Política y romanticismo
SE cumplen doscientos años de la publicación de Frankenstein o el moderno Prometeo. La historia se le ocurrió a Mary Shelley dos veranos antes en una villa alquilada junto al lago Ginebra, en la que se instaló su familia, a los que se unió el poeta Lord Byron, junto a su amante y un amigo médico. Como los días eran húmedos y poco amables -la lluvia no cesaba- decidieron escribir cada uno de ellos relatos sobrenaturales que luego leerían a los demás. A Shelley le inspiraron los experimentos del filósofo Erasmus Darwin, que se decía que había reanimado materia muerta. Y de todo ello nació Frankenstein.

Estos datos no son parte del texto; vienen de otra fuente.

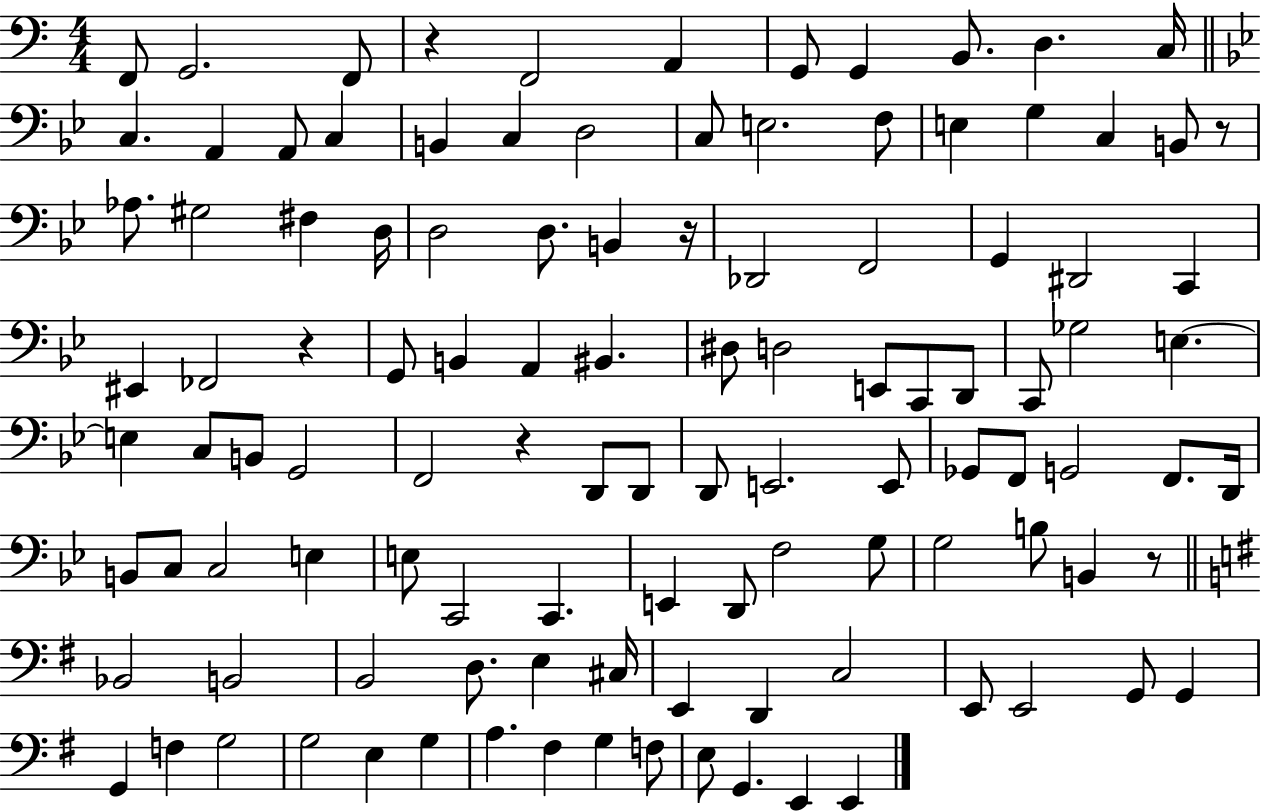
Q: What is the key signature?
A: C major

A la variopinta mayoría que permitió a Pedro Sánchez llegar a la Moncloa se la llamó Frankenstein. Y por extensión a su Ejecutivo, aunque el país no pareció tener la sensación de estar gobernado por monstruos. Al contrario, se percibió casi como una liberación, por el cambio de formas y discursos. Sin embargo, la votación del viernes en el Congreso, que rechazó el techo de gasto, hizo que la oposición volviera a referirse al ser imaginado por Mary Shelley. En cualquier caso, el fraccionamiento de la política española hace que pueda definirse como Frankenstein también la oposición. La derrota del Gobierno en el Parlamento no fue exactamente una victoria de la oposición, pues puso de manifiesto sus contradicciones internas, hasta el punto de que tuvieron que votar contra algo que les beneficiaba.
El independentismo catalán también tiene algo de Frankenstein: no es un cuerpo homogéneo, con una guerra soterrada entre ERC y el PDECat por la hegemonía. Y otra en el seno de esta última formación por no acabar diluida en este nuevo invento denominado Crida Nacional per la República.
La política cada vez se parece más a los cuentos fantásticos del romanticismo, aunque hay que ir con cuidado porque, como nos muestra Frankenstein, a menudo el monstruo devora a sus creadores.